About noon, a severe thunderstorm warning was sounded for counties in northwest Georgia. By shortly after 1 PM, a severe thunderstorm was spotted in the Lilburn area, and an additional warning was issued shortly after 1:35 for Gwinnett, Walton, and Barrow counties, with storms located in Tucker and Loganville. A large area from Alabama, through 58 counties in north Georgia, and into South Carolina was put under a severe thunderstorm watch until 7PM.
A second wave of thunderstorms crossed North Gwinnett around 6:30, with hail the size of golf balls predicted from north of Duluth east to Buford and Sugar Hill. Shortly before 7PM an additional warning was issued for DeKalb and Gwinnett Counties until 7:45, again with predictions of golf ball size hail through Lilburn and Lawrenceville. As of 7:15, I was observing hail the size of peas outside my house (and hoping the hood of the truck wasn’t going to become damaged). By about 7:30 that phase of the storm had passed through the area.
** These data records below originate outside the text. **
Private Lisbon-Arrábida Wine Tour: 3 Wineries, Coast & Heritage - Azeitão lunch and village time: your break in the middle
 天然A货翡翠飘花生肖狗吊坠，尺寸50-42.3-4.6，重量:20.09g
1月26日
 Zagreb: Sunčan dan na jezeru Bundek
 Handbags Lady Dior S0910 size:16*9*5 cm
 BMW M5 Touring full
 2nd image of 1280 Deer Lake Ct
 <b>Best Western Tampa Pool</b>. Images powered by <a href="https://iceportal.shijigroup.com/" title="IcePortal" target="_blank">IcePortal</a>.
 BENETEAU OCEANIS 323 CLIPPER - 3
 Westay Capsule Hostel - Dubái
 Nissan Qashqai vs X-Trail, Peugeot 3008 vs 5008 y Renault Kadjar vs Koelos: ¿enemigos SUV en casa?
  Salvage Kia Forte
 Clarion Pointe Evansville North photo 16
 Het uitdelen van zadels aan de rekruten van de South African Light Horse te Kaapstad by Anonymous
At 7:50, an additional warning was issued for Gwinnett until 8:15.
Due to the continuing presence of the storm, a second watch that included 67 Georgia counties, many further south than the first watch, was put into effect until 2 AM Tuesday. This map shows the size of the second watch, and radar in the area as of about 7:00 PM:
(Courtesy of the National Weather Service.)
Damage reports from the storm include 1 inch hail reported in Snellville and Grayson around 1:30 PM, 2 inch hail in Rome and Canton around 5:30 PM, and 1.75 inch hail around 7:30 PM in Winder. Although some of these reports were from the public, trained spotters reported 1.75 inch hail in Lilburn and Snellville between 7:20 and 7:50 PM.
Rain caused by the storms prompted flood warnings in northwest Georgia, and along the Etowah river near Dawsonville. By 8:45, enough rain had fallen in Gwinnett to issue a generalized flood warning for the county. Both the Big Creek in Alpharetta and the Chattahoochee near Vinings were close to flood stage on Tuesday morning.
Here we measured 1.96 inches of rain on Monday, and a total of 2.41 inches of rain for the storm which began on Sunday. The rain in the last 24 hours measures more than a third of the 6.16 inches so far this year.